Hi im upgrading my prod cluster (3 node cluster HP...
# harvester
f
Hi im upgrading my prod cluster (3 node cluster HP DLG9) form 1.4.1 to 1.4.2 the upgrade process gets stuck either here or in Image preloaded in the node 1 the only container failing is this one Any idea?
image.png
b
Did the pre-check script pass all the tests?
👍 1
What do the logs and events from the crash looping pod say?
f
yes
i fixed the error by removing the other logging cluster outputs and Flow
but now its stuck and its not crating the jobs in the cattle-system namespace
an its stuck in this state
its been 2 years now running harvester in prod and each upgrade its becoming a nightmare
👀 1
r
Hey @future-gigabyte-33261, could you generate a support bundle for us to assess the situation?
f
Yes
b
I normally start rebooting the nodes that are stuck after verifying they are drained from active VMs.
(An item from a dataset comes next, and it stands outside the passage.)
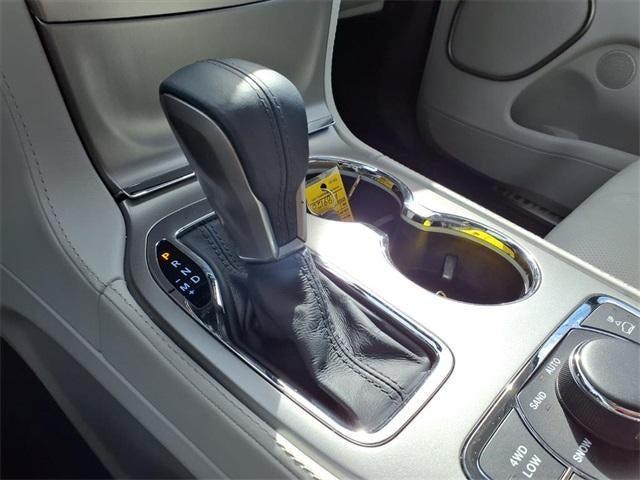 used 2017 Jeep Grand Cherokee car, priced at $22,995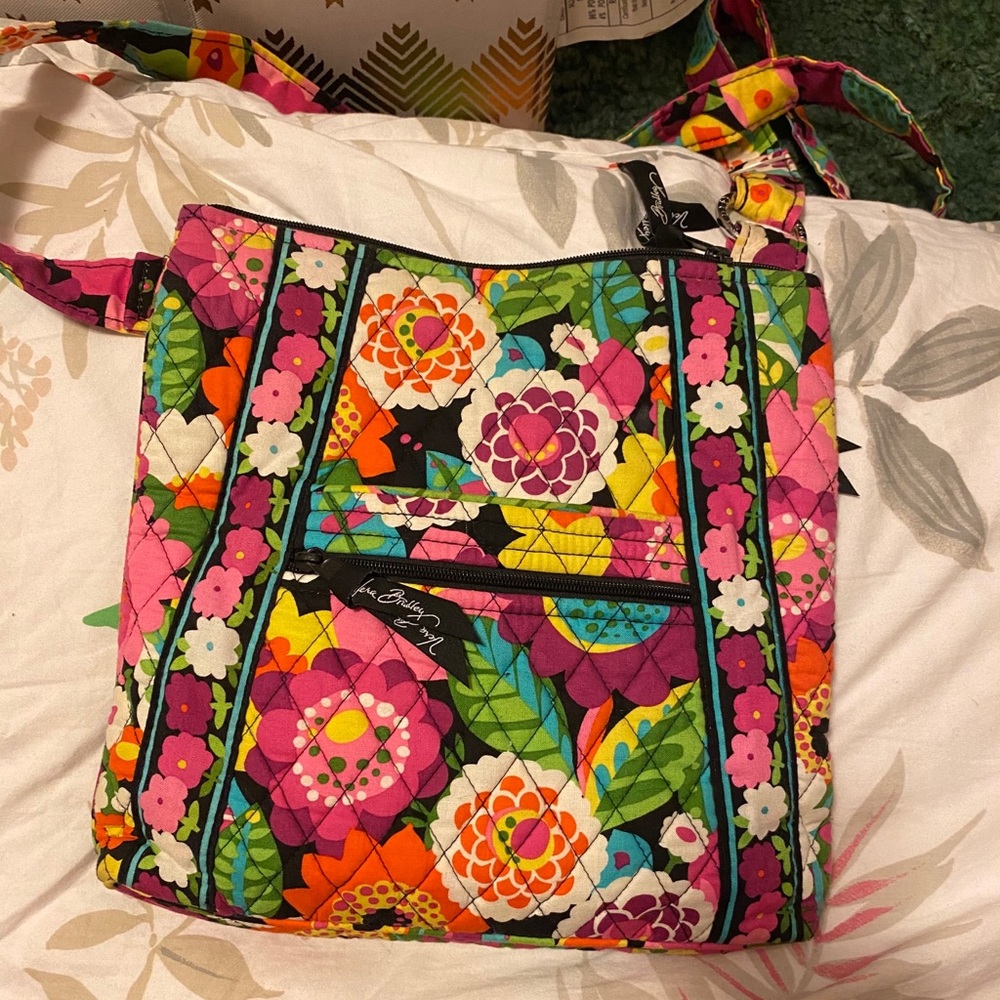 Vera Bradley Va Va Bloom crossbody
I feel like it's 50/50 on if it will fix things.
f
I will try tomorrow and also generate the support bundle since today i cant access the infra
p
always be ready to nuke the cluster is my motto 😅
f
supportbundle_c902b5ab-8c69-4eda-82e4-68728d1b2e9e_2025-05-27T16-20-02Z.zip
👀 1
@red-king-19196
f
Hello @red-king-19196! @future-gigabyte-33261 and I tried to investigate a bit on our own, but basically we only restarted the nodes a couple of times. We noticed that the etcd database size was not matching across the nodes, and that there was a sudden increase in size at least in one of the nodes when the upgrade started (a jump from 77MB to 1.6GB). Besides this, the rke2-server service is failing to start on all nodes, throwing 502 and 503 errors.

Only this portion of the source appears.